_AIM OF THE EXERCISE:_ Please keep the pictures out and write out exactly the lines from the first in the data below through the one containing "crazy lixx - Ruff justice album artwork, crazy", both included.

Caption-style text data
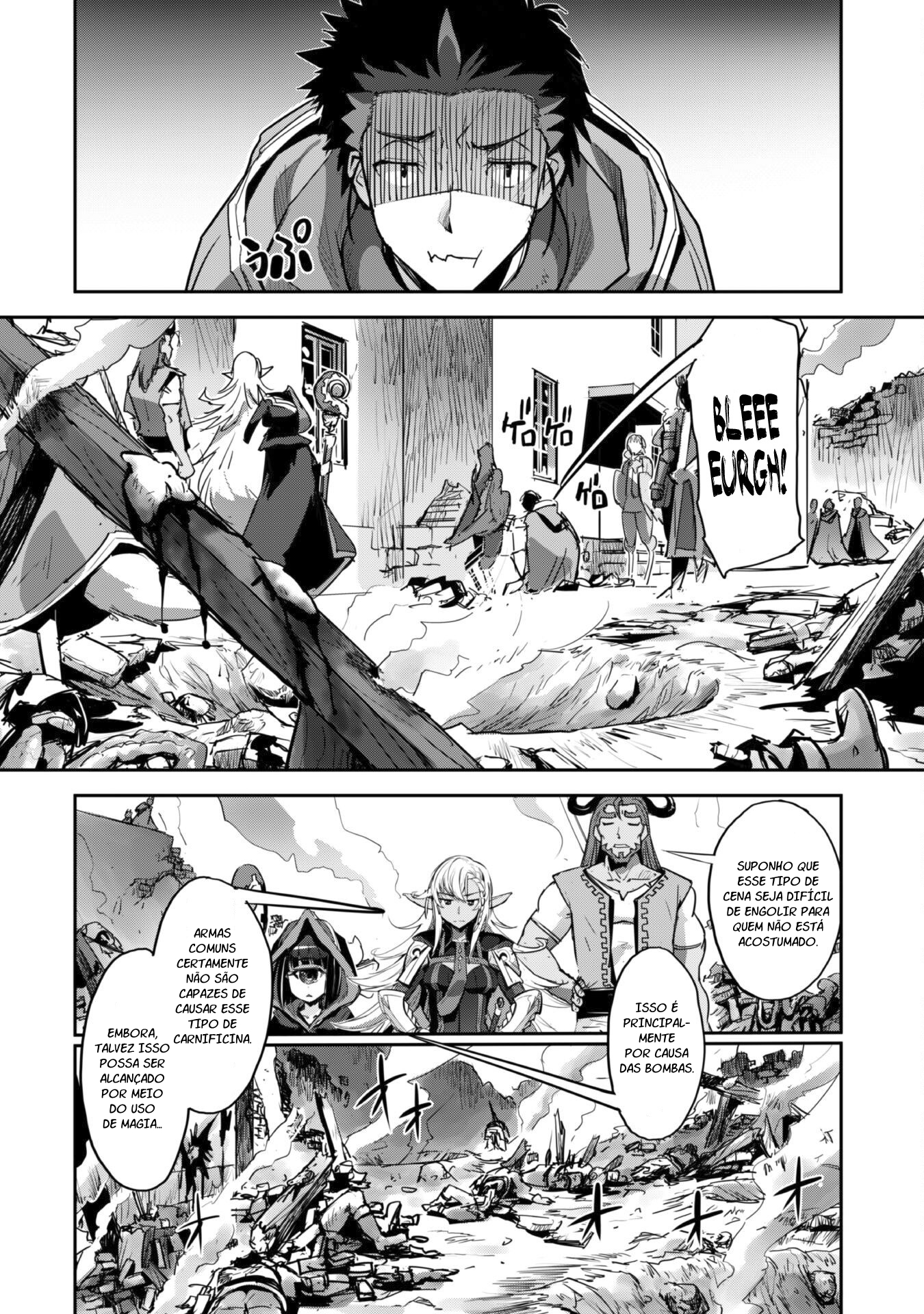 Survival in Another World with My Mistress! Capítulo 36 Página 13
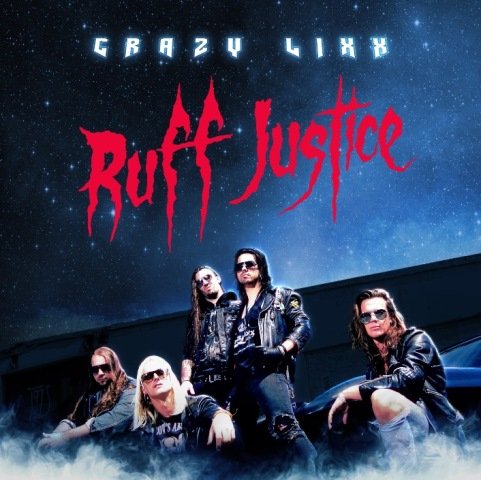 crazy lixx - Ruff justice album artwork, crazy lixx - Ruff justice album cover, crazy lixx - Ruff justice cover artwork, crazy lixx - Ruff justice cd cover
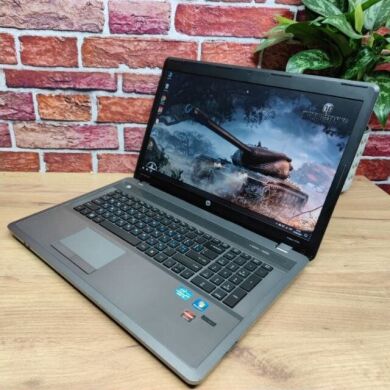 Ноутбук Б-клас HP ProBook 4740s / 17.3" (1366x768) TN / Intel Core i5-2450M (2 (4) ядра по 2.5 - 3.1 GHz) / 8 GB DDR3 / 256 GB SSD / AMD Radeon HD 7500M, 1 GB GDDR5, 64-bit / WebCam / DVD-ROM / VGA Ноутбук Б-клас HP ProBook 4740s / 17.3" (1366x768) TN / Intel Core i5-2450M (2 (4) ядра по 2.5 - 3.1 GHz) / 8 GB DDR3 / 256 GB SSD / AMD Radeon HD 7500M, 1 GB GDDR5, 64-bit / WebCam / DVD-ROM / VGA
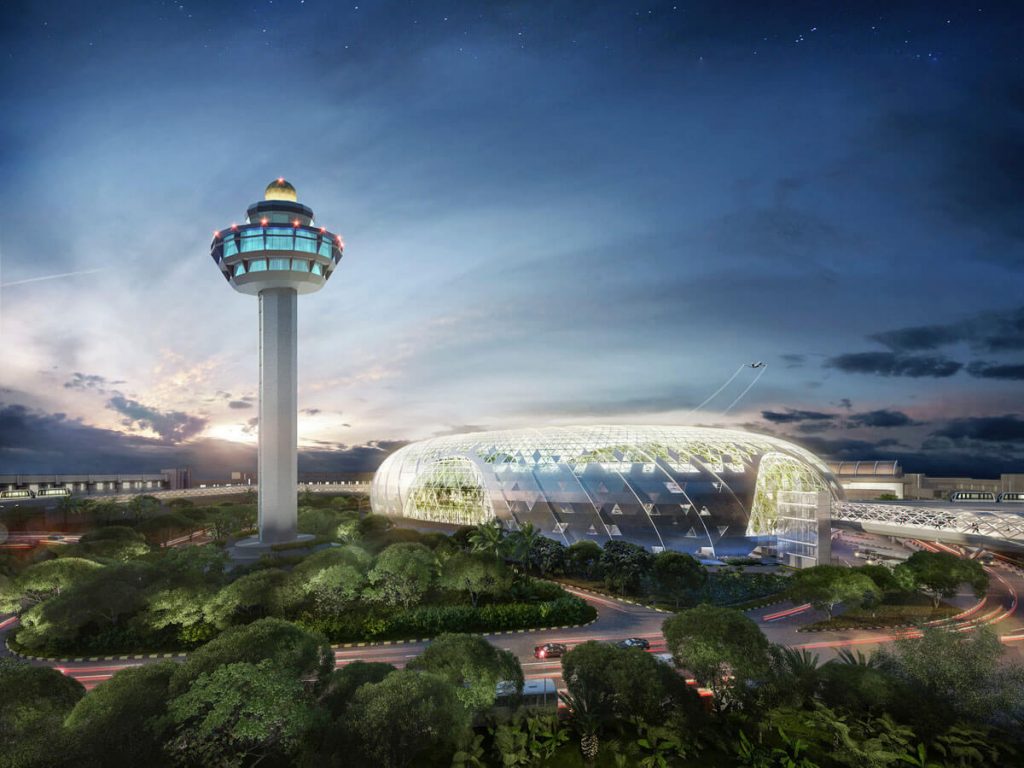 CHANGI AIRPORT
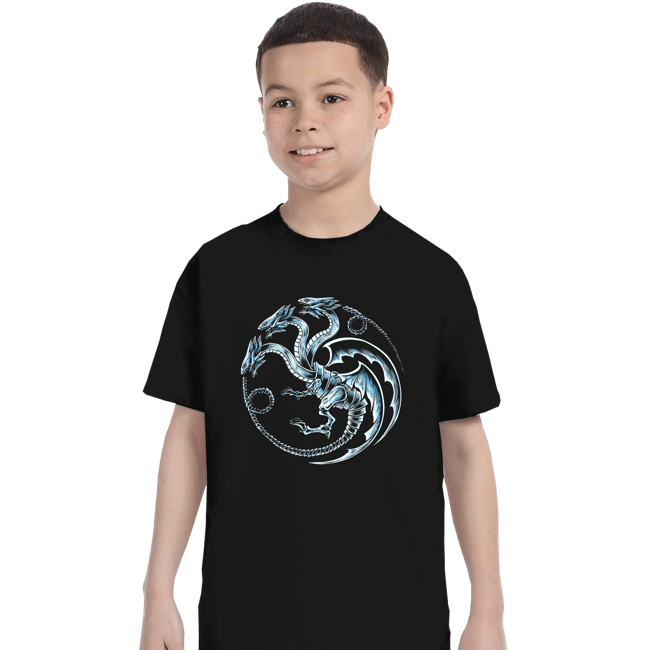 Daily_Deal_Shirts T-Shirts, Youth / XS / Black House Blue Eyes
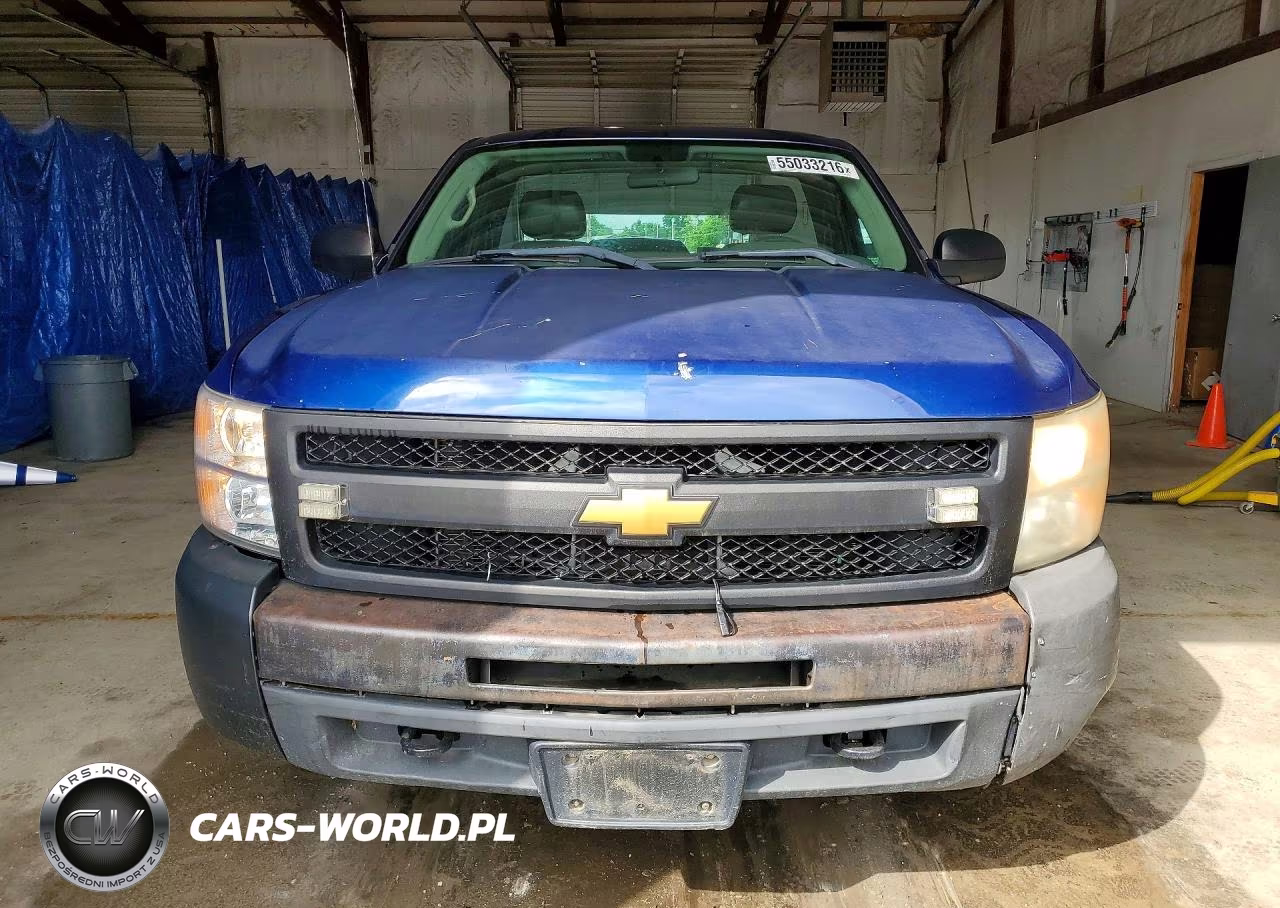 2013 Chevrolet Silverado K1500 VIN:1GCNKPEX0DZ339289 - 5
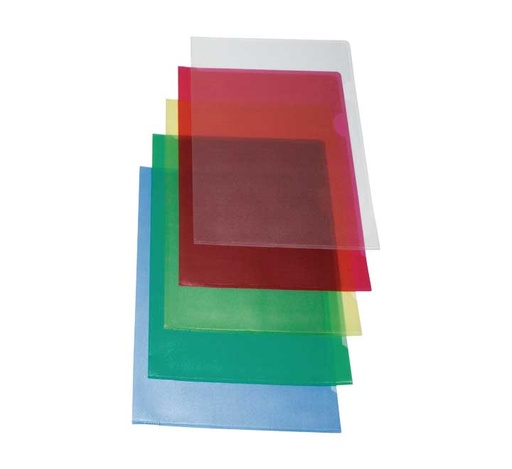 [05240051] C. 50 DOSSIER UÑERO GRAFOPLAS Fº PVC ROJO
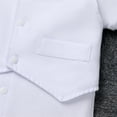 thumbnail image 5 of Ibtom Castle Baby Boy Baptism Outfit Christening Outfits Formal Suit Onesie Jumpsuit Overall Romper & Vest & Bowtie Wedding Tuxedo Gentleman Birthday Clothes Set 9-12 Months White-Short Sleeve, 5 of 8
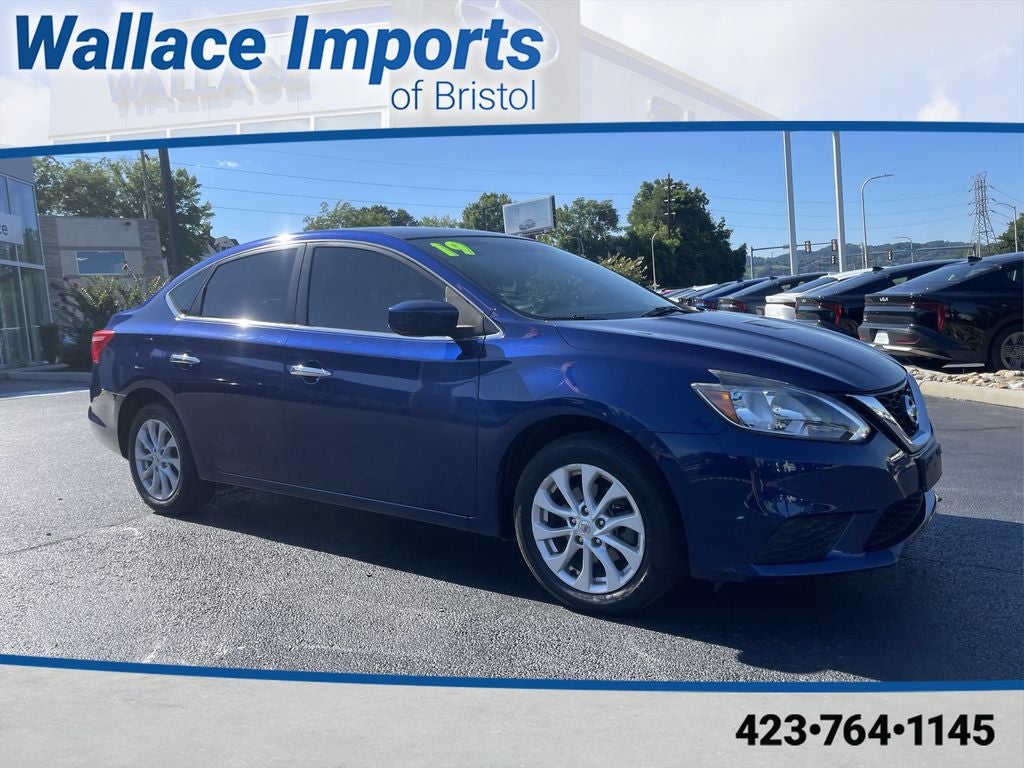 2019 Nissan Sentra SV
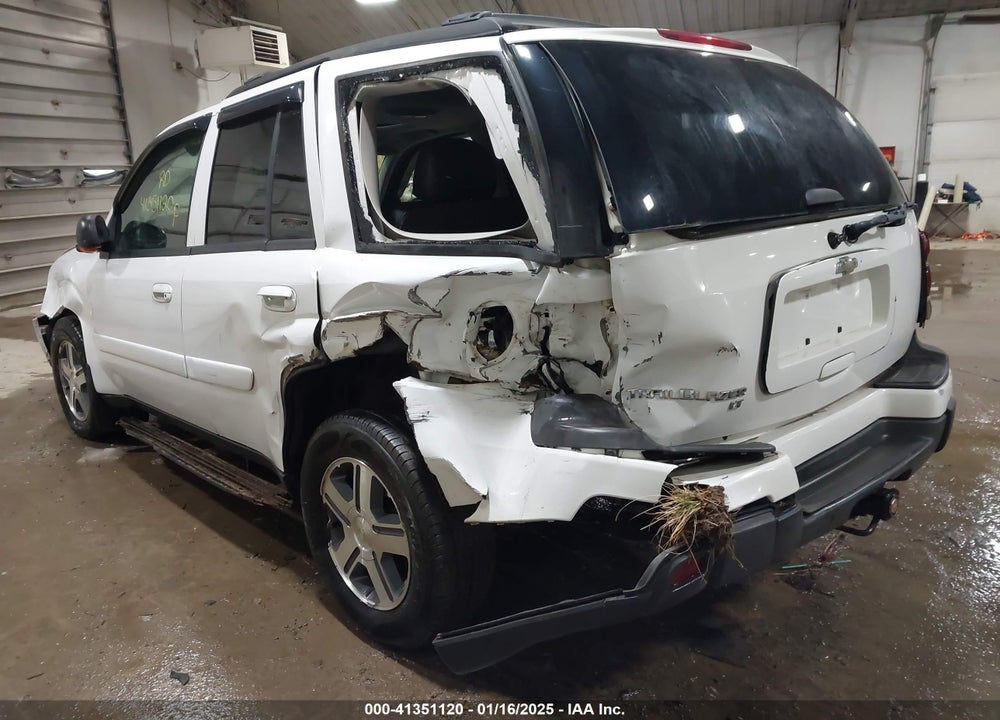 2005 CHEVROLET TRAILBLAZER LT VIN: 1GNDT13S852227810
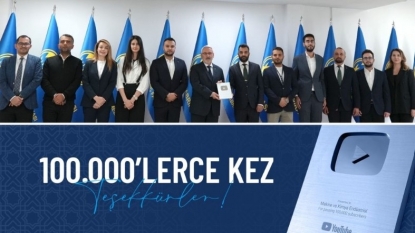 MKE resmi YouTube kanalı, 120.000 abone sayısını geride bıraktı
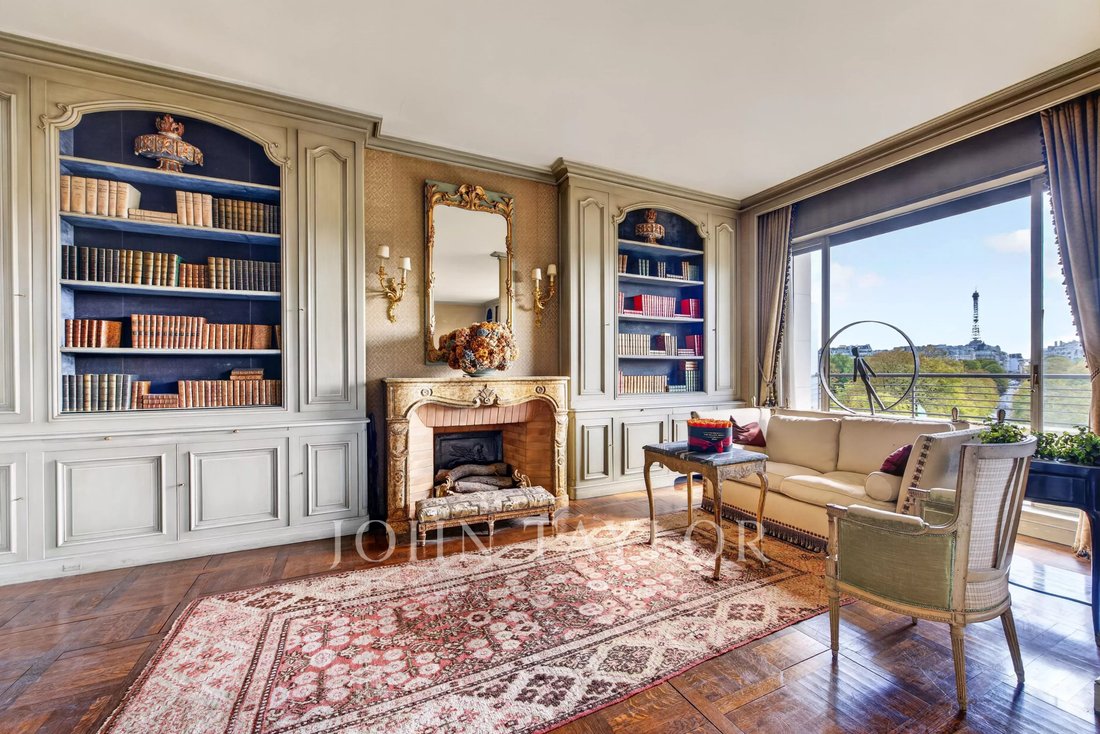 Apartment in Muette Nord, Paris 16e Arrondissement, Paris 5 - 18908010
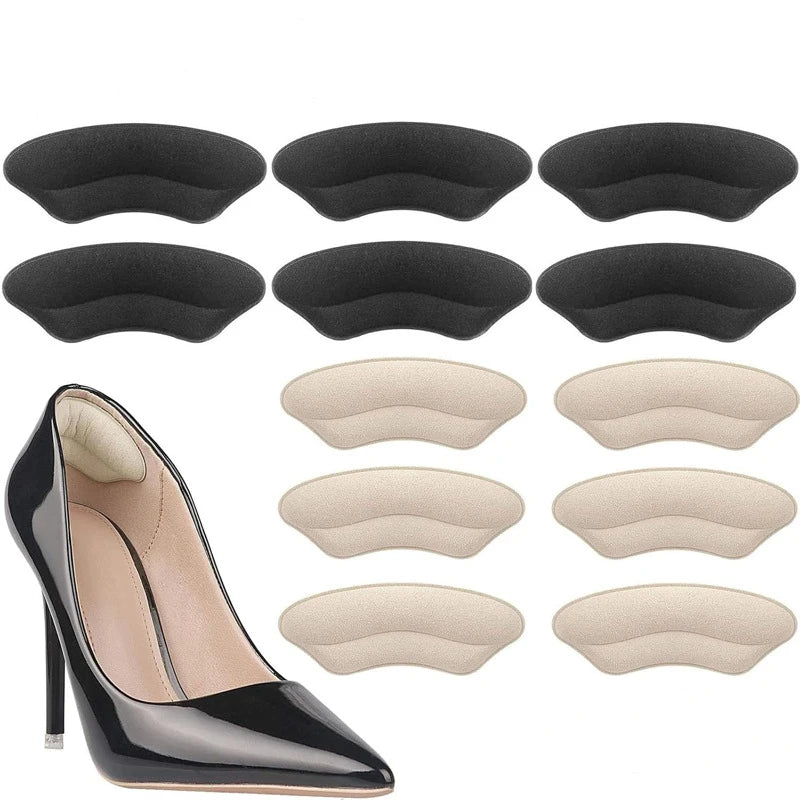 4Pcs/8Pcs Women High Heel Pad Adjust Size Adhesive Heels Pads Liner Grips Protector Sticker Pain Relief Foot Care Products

_TASK SOLUTION:_
 Survival in Another World with My Mistress! Capítulo 36 Página 13
 crazy lixx - Ruff justice album artwork, crazy lixx - Ruff justice album cover, crazy lixx - Ruff justice cover artwork, crazy lixx - Ruff justice cd cover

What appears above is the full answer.